Up and down the east coast of Africa, the history of thriving trade throughout the Indian Ocean is evident with the spices and dishes of the subcontinent. A plate of the beef sambuusas ($8, below) is about the only regular starter they have, two fried triangles of beef and mint served with the ubiquitous bisbaas sauce. This meat is not quite as tasty as its Indian brother, but the garlic sauce is something you will come to love with every bite of your meal and is served with almost every dish.
I am always attracted to geography, so my first trip here alone could not find its way past a dish named for a city, the Mogadishu beef suqaar ($14, below). You can choose between rice and sabaaya, their name for Indian chapatti, but I seemed to be offered both and of course welcomed this. The extra sabaaya does show up as $2 on the final bill, but is the traditional accompaniment for stews like this and should not be overlooked.
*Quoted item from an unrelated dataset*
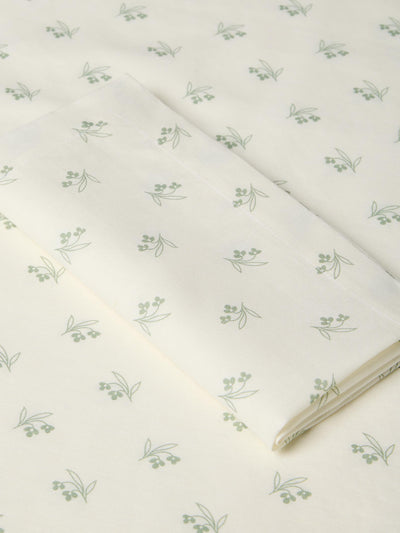 White fabric with green floral pattern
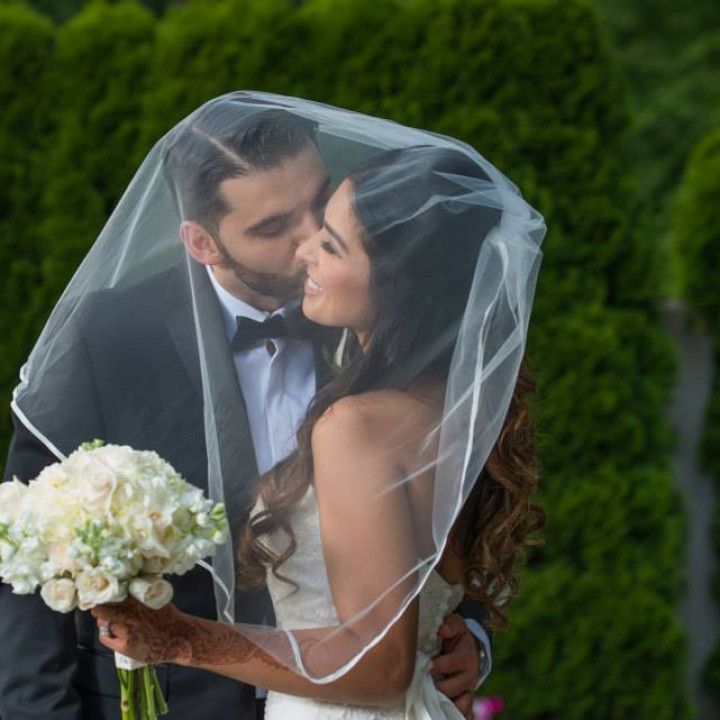 A bride and groom kissing under a veil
The dish is also available in chicken form, the Kismaayo chicken suqaar ($14, below). Kismaayo is a port city even further south from Mogadishu, almost to the border with Kenya, near the mouth of the Jubba River. Here the spices are just a bit sharper on the bird which has been turned red, most likely from mitmita.
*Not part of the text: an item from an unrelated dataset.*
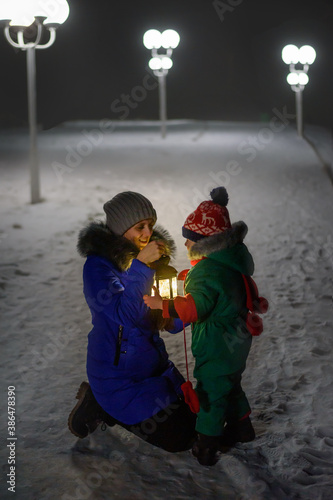 Mother and little son with lantern sitting on the street in winter evening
The first dish in the mains section of the menu is Hooyo Faduma's mango curry chicken ($16, below), a dish they seem to know will be popular with non-Somalis. We were all impressed by the pickled tastes here, with only a slight sweetness of fruit coming through the pureed mango sauce.
The busketti ($15, below) was ordered strictly for the chance to try whatever the "federation combo" was, which was promised to be served with the thin sliced flank steak. This combo seemed to be the vegetables in a creamy orange sauce underneath the steak, which can be mixed with the rice if desired, but otherwise not noteworthy unfortunately.
On my first trip here they had not prepared the hilib ari ($17, below), a roasted goat that takes many hours to prepare. It is worth the wait for lovers of goat though, the tender pieces and spices speaking as one voice on your tongue. The menu calls this the most popular Somali dish, speaking of the popularity of the animal back in the homeland, usually marinated and roasted for hours to create this powerful deliciousness.
It is no surprise that the sabaaya is used again for the taming of a sweet tooth. The malab iyo sabaaya ($6, below) is simple but tasty with sugar and honey, rolled tight for a dense bite.
I followed my second meal up here with a lunch visit to a Somali restaurant in Columbus, Ohio, a city that has seen a steady stream of Somali migration over the past decades. A section of the city has restaurants and services popping up for the people here, a change vastly different than the city of my youth. Here the rhythm of the meal seems more authentic, bananas and a small soup are brought out to each diner just as they are in Somalia, and the place is full of Somalis morning noon and night.
Along with those bananas, I only wish Safari would also serve canjeera, the bread similar to Ethiopian injera but less sour as it uses butter and milk. I also had the chance to try it in Columbus and really enjoyed the differences.